Twenty four hours. From my front door in Sligo, on Ireland’s Atlantic west coast, to Vancouver, in the Pacific forests of Canada. A relatively long time to be travelling, but a remarkably short period to find yourself transplanted into a new life.
I’ve come to Vancouver to take up a research position at the University of British Columbia, looking at the relationships between the atmosphere and the planet’s snow and ice cover. I’ve decided to start a blog to keep family and friends updated on life here, and to give some information on the work I’m involved in, for those who may be interested. This opening post is just to get the ball rolling, and give a brief synopsis of the story so far.
In reality, my first two months in Canada have mostly involved all the excitement of endless application forms, house hunting, university registration, bank and phone account set ups, navigating cryptic public transport maps, getting lost in supermarkets, getting lost in translation, and incidents of general isolated wandering. This is combined with getting to grips with new courses, teaching, and getting a research project off the ground. So instead of having to read about that, here are some pictures of my initial weekend adventures!
My first trip outside of Vancouver was a hike to Lake Garibaldi, a large, currently frozen alpine lake, surrounded by glaciated mountains. The drive to the lake is almost as spectacular as the hike itself, taking the scenic ‘Sea-to-Sky’ highway from Vancouver to Squamish, which winds along the coast between lush, brooding temperate rainforest of Douglas fir, and the snowcapped Coast range.

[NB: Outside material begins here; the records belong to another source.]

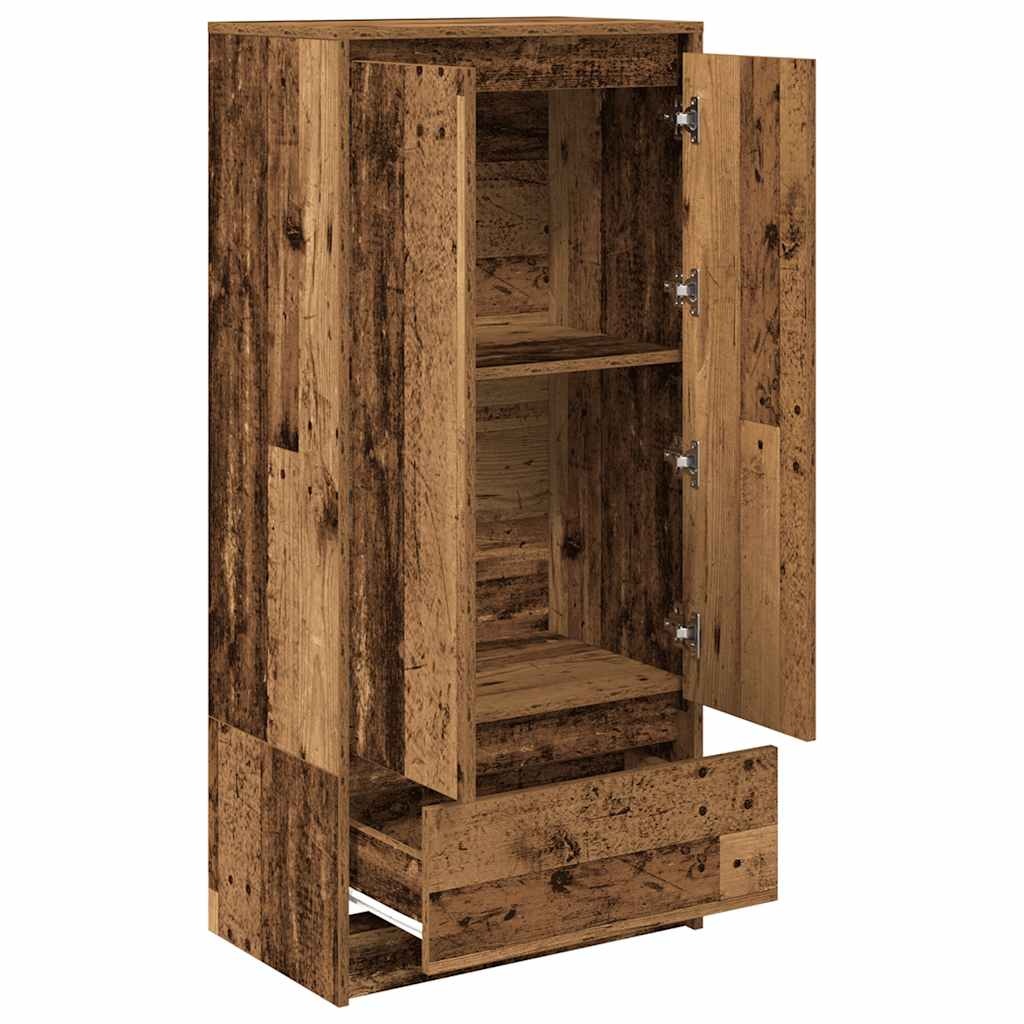 VidaXL Kast met lade 55,5x34x119,5 cm spaanplaat hout oud hout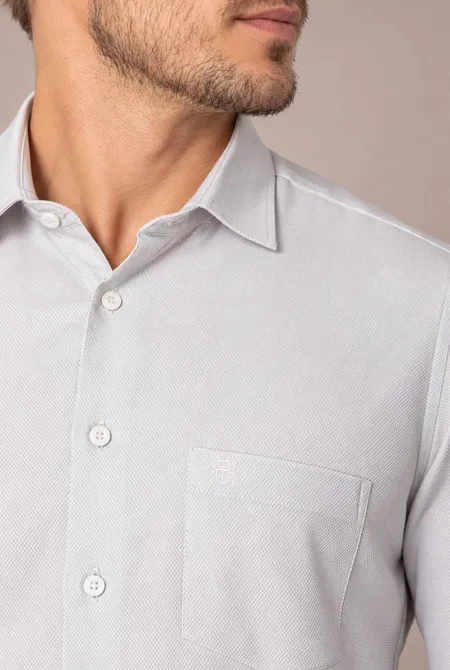 Camisa Manga Longa Slim Cromo Camisa Manga Longa Slim Cromo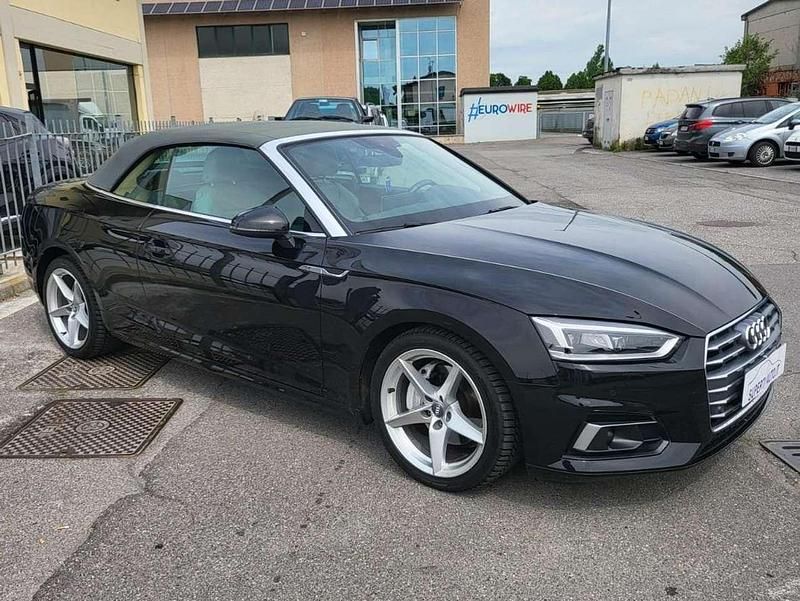 Usata Audi A5 Cabriolet Business 190 CV (139 kW) 2019 Nero Cabrio
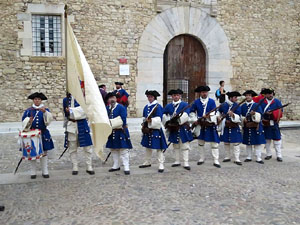 Girona resisteix! Jornades de recreació històrica de la Guerra de Successió. Cloenda de les activitats de dissabte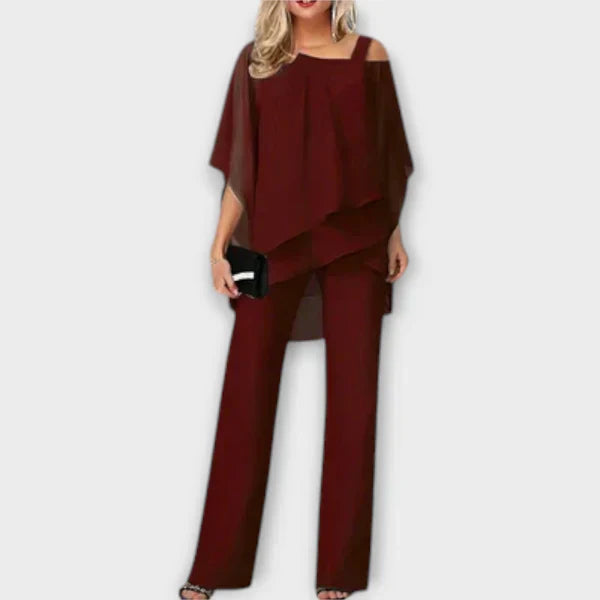 Ingfrid - Svart Chiffon Kveldsett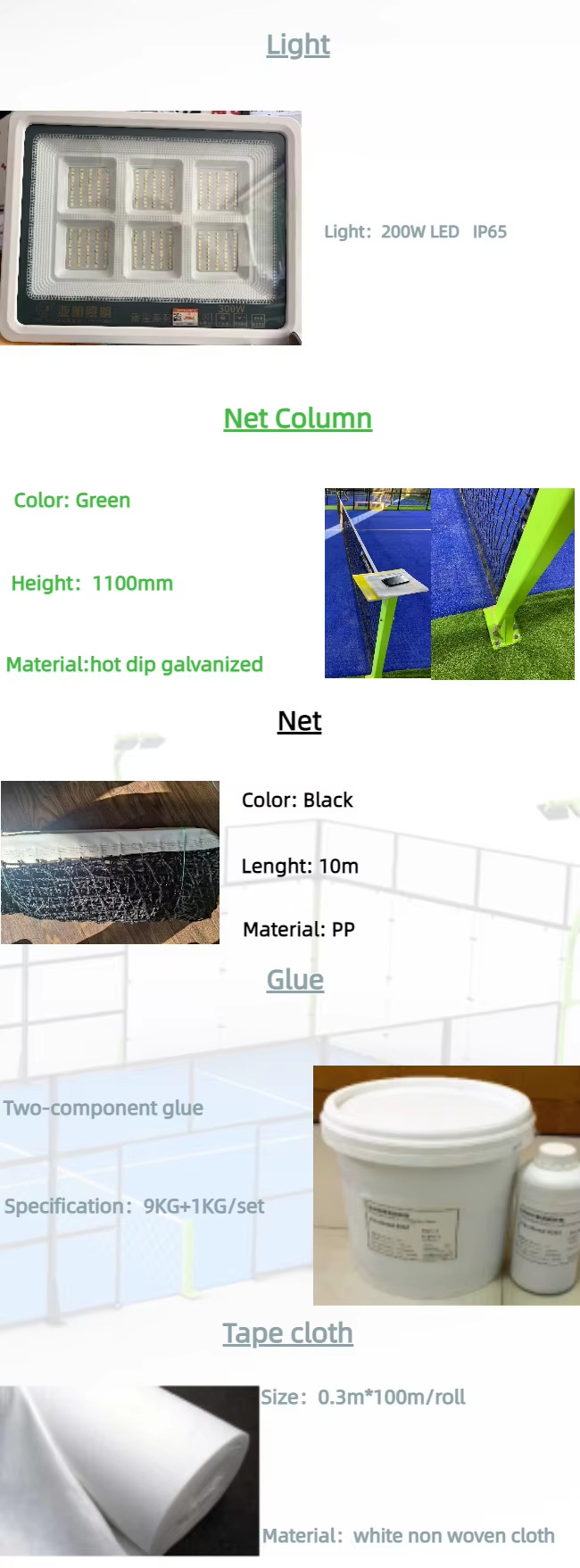 CE Soccer Field Cage Padel Court Sport Football Padbol Court With Tempered Glass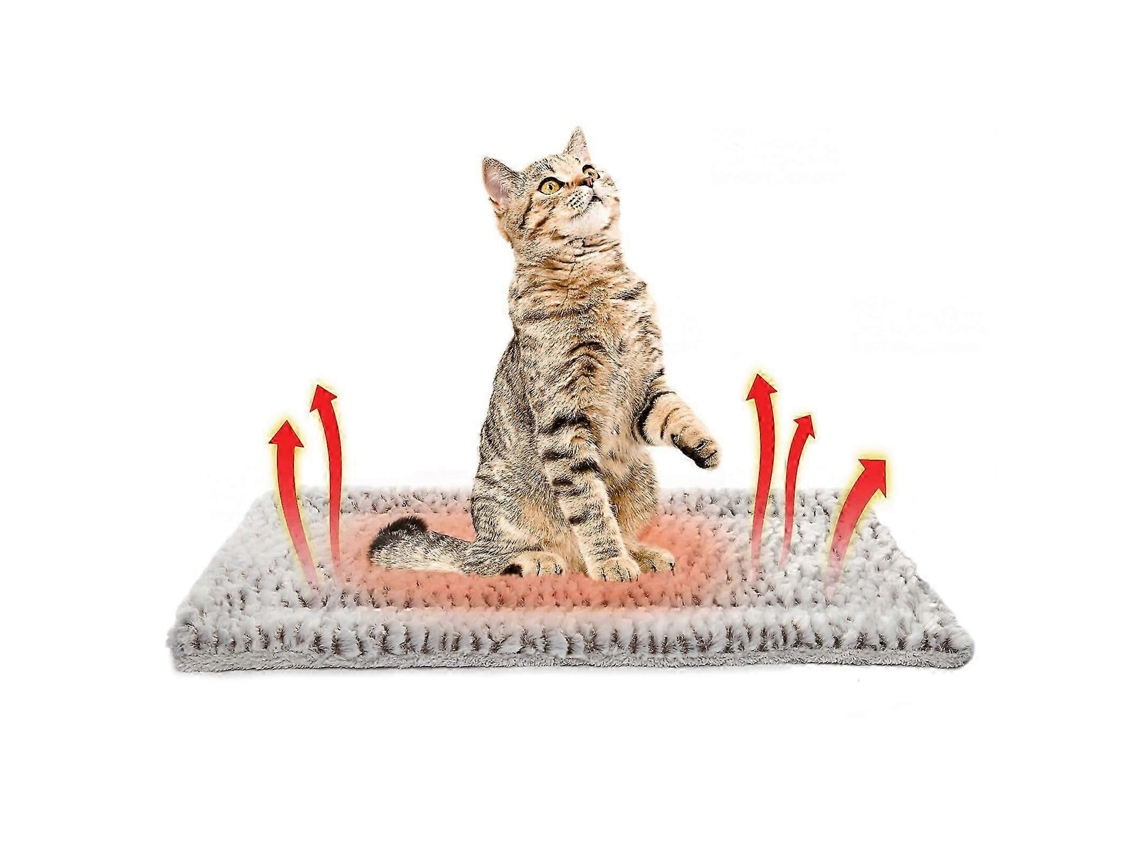 Cama Para Cães E Gatos, Tapete Calmante Para Uso Interno E Externo, Macio, Lavável, Não Elétrico, Almofada De Aquecimento Silenciosa. Olysi Shop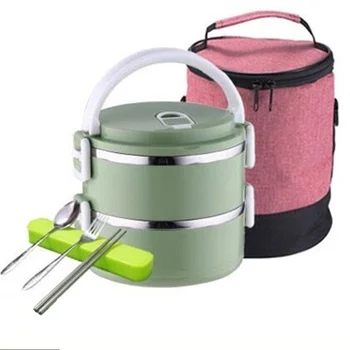 

1-4 Layer Portable Food Container For Kid Adult Stainless Steel Japanese Bento Boxs Insulation Thermal Lunchbox Metal Tableware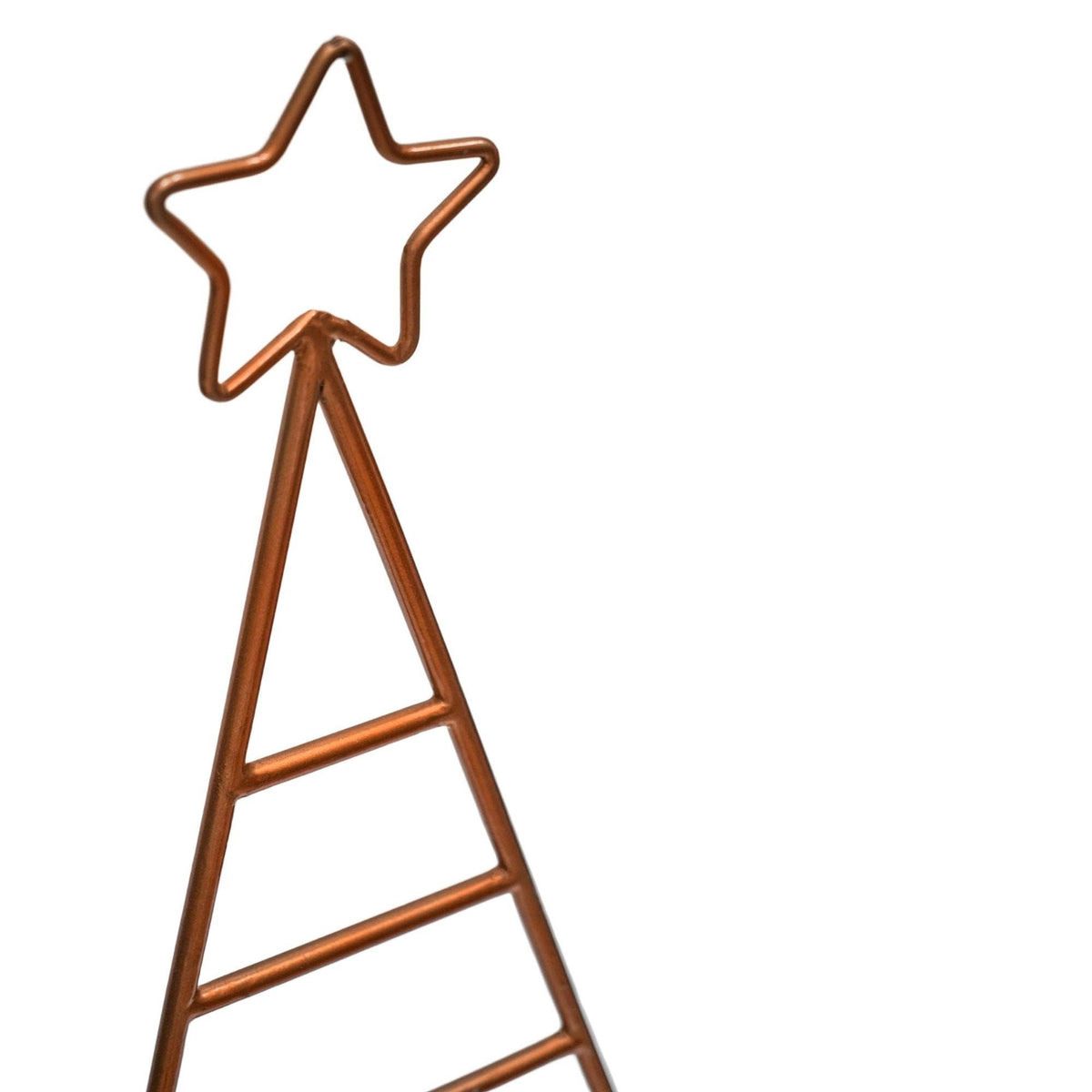Iron Christmas Tree with Star: Copper
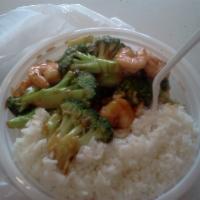 Shrimp with Broccoli Lunch · 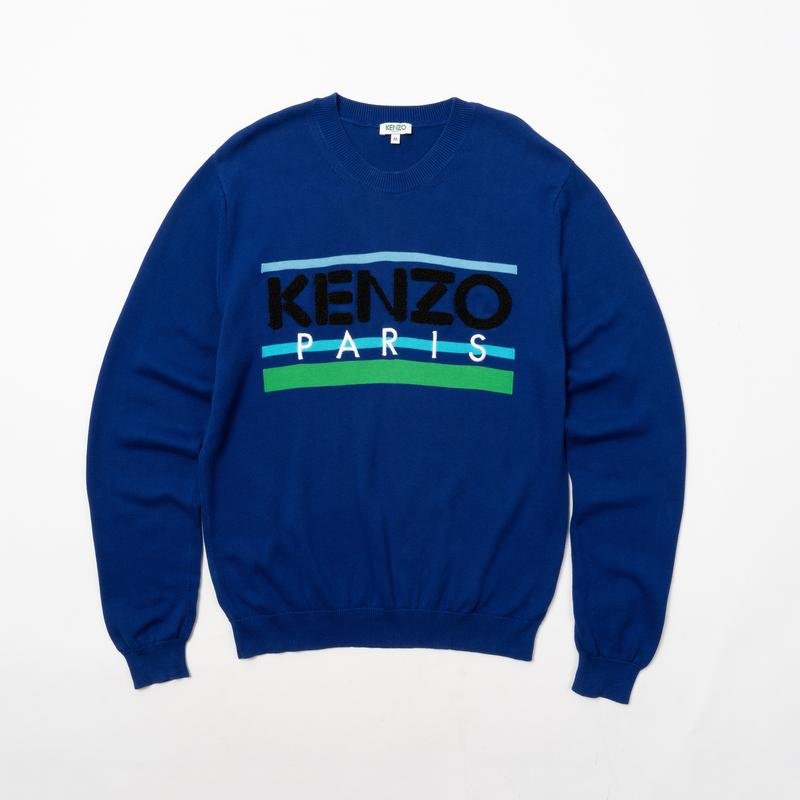 Men Kenzo Sweater Navy Cotton 38 / M / 46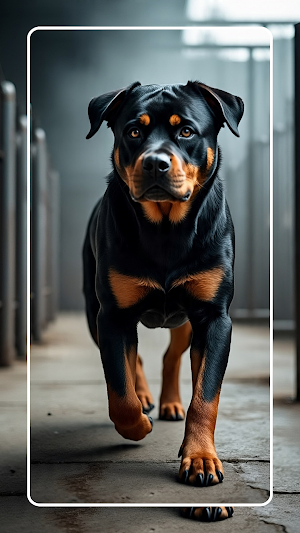 Rottweiler Dog Wallpaper Screenshot 2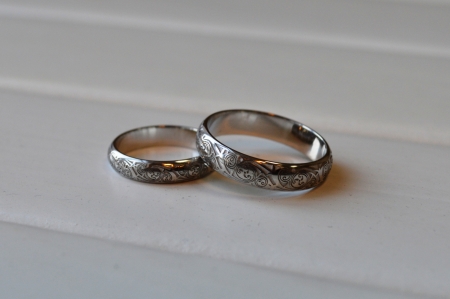 Обручальные кольца из платины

The city of Vancouver is incredibly diverse, with over half of the population having a first language other than English (very excited about trying as many different foods as possible). There is a thriving Chinese community, accounting for at least 20% of its population. The end of January saw the arrival of the year of the horse, and I was fortunate enough to take part in some of the Chinese New Year festivities.
For my next wander, I did as the Canadians do, and strapped on a pair of snowshoes in search of Elfin lakes. The location lived up to its name, with stunning scenery, and enchanted animals (see image).
Following the unusual occurrence of snowfall in urban Vancouver, I found myself bricklaying, like many Irish migrants before me. Granted these were bricks of snow, as a Chinese man, a Kenyan man, a Malaysian woman, and an Irish man attempted to build an igloo; insert own punch line here. The world is a small place.
The world is a small place. British Columbia is enormous. Canada is incomprehensible. Being so tied up with getting started in a new country and position, I’ve only just made the lightest of scratches on its surface. I am eager and excited to see as much as this country has to offer. I expect that you could be born and raised here, and still not see a fraction of it. But I’m willing to give it a go.